Segment Start: SUPPLIED INFORMATION
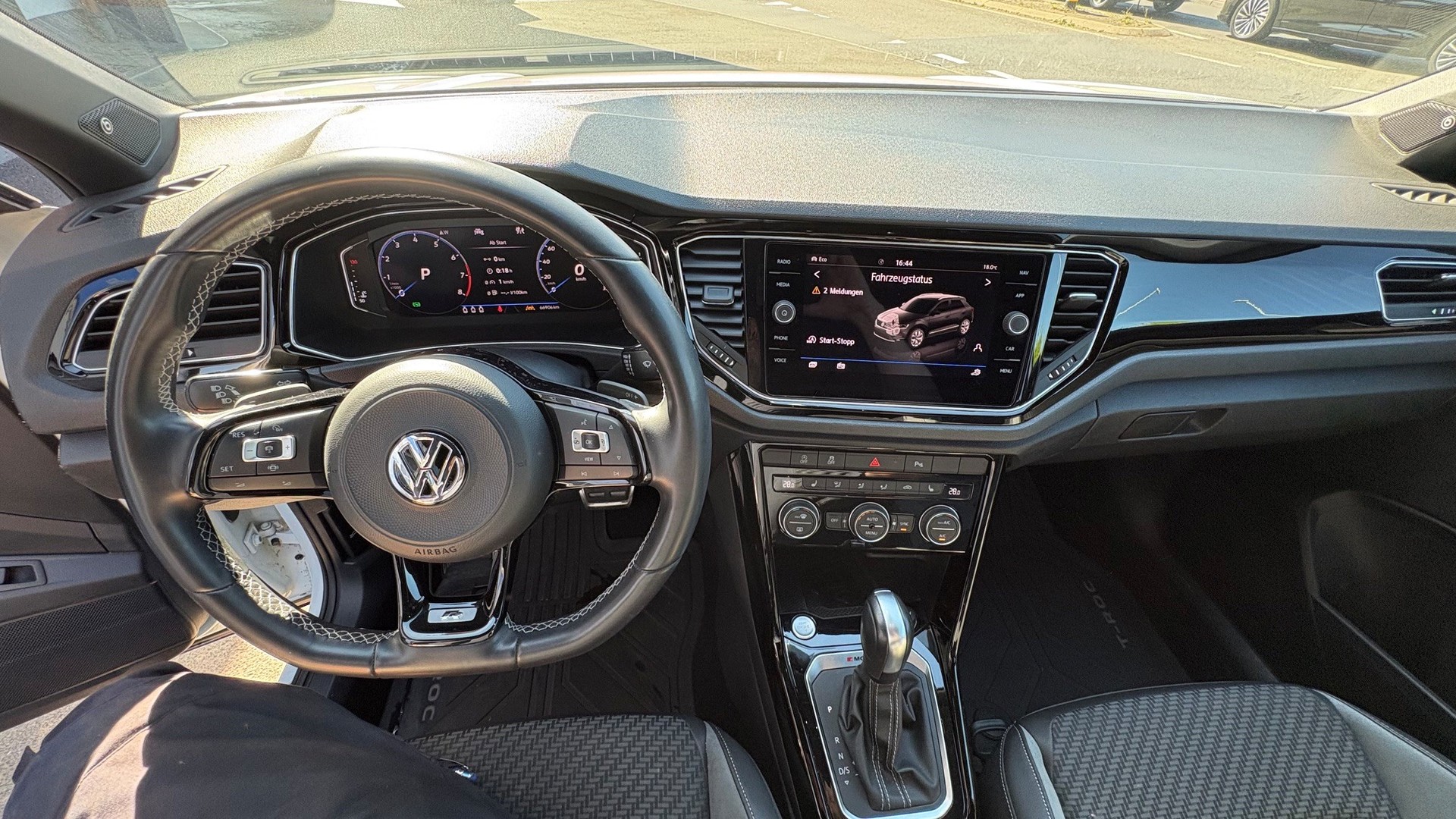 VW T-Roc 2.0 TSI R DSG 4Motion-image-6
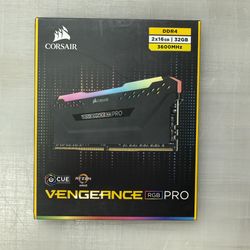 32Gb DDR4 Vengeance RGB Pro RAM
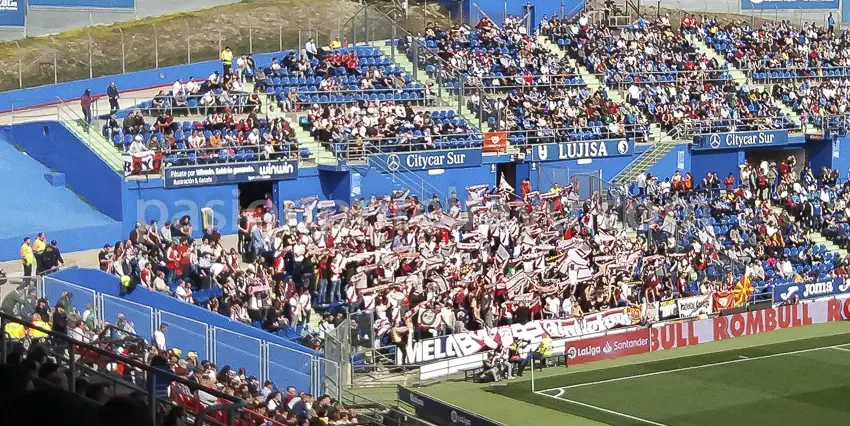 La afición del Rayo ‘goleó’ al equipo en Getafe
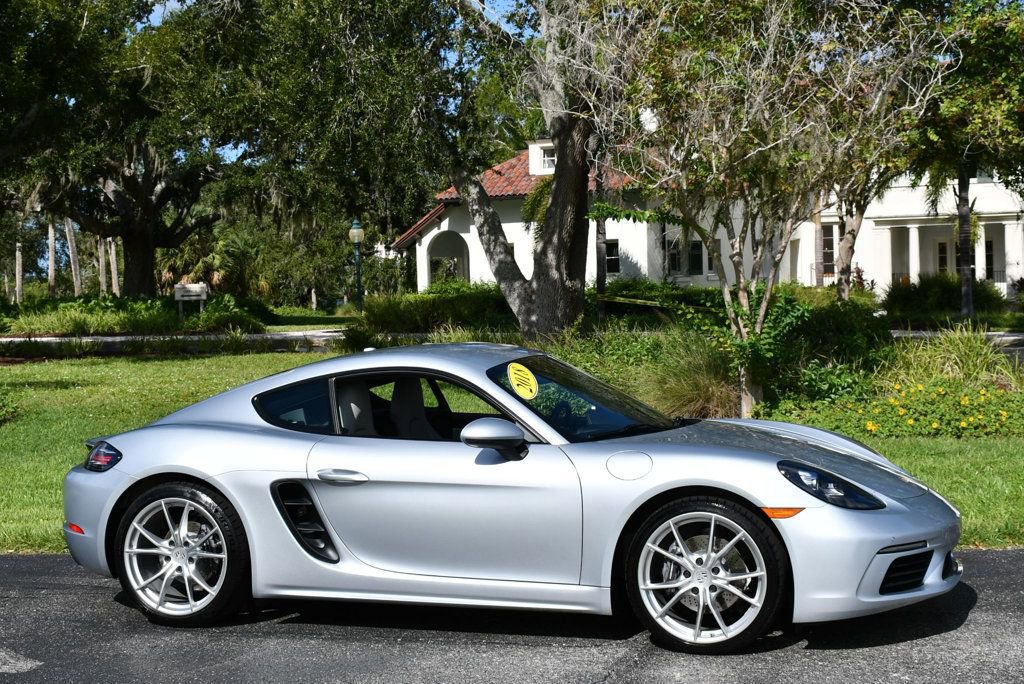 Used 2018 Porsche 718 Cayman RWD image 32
Segment End: SUPPLIED INFORMATION
WORK ITEM:
Your copy must begin at the line containing "La afición del" and end at the last line of the material above. Reproduce each line exactly, but not the pictures.

SOLUTION:
 La afición del Rayo ‘goleó’ al equipo en Getafe
 Used 2018 Porsche 718 Cayman RWD image 32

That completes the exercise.